Mr. Whittam told jurors that they would be shown evidence suggesting the two people using the accounts made coded references to staging a commando-style attack similar to the one in Mumbai that resulted in the death of more than 160 people.

One reference to “mo88m ssbaay style” could be taken to refer to the attack by armed Islamists, who stormed an upscale hotel in the Indian city, Mr. Whittam told the court.

While the prosecutor’s opening statement was public, most of the rest of the trial is subject to court-imposed restrictions that limit what can be reported.

Under English law—which seeks to balance freedom of the press with the integrity of the judicial process—the media generally are prohibited from reporting material that could prejudice a jury.

This trial will have unprecedented restrictions, however, with only a select group of journalists allowed to attend much of it, but not able to report on what they hear until after the verdict. Other parts will be held with no journalists allowed at all. The trial is expected to last six weeks.

The trial comes amid a heightened concern about terrorist activity in the U.K. from foreign fighters returning to Europe from Syria.

On Tuesday, police arrested three men and three women in southeast England, in Portsmouth, Farnborough and Greenwich. A spokesman for Thames Valley Police said the arrests were related to terrorism-related activities planned in relation to the conflict in Syria. No charges were immediately filed.

Separately, counterterror police arrested three men in central London as part of a continuing investigation into Islamic extremism and Syria-related terrorist activity that saw five other men arrested last week.

The men, all in their early 20s, are suspected of involvement in the commission, preparation or instigation of terrorism, according to London’s Metropolitan Police, known as Scotland Yard, which has called the case serious.

The plot appeared to be related to Islamic extremism but was at the early stages and didn’t seem to be sophisticated, officials have said. A number of residential addresses and vehicles were searched in West and Central London as part of the investigation. Six of the men remained in custody as of Tuesday afternoon in the U.K., and two had been released.

British authorities in August raised the country’s assessment of the level of the threat from international terrorism for the first time in three years.

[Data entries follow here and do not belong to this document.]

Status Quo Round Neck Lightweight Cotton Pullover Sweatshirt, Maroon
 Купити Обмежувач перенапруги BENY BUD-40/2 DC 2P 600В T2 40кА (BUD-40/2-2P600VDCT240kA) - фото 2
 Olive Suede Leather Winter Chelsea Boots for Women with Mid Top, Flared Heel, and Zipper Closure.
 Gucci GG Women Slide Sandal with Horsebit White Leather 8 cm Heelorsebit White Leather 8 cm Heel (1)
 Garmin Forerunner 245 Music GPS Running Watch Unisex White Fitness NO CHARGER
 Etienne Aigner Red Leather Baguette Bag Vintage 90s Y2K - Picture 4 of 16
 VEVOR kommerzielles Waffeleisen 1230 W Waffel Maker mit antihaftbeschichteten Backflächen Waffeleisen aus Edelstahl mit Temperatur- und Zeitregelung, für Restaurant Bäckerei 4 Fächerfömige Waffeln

It is now at “severe,” the second highest on a five-point scale that indicates an attack is “highly likely.” The increase was prompted, in part, by the increasing number of people returning to the U.K. after fighting in Syria and Iraq.

At that time, Prime Minister David Cameron said the threat from Islamic State “is a greater and deeper threat to our security than we have known before.”

—Cassell Bryan-Low contributed to this article.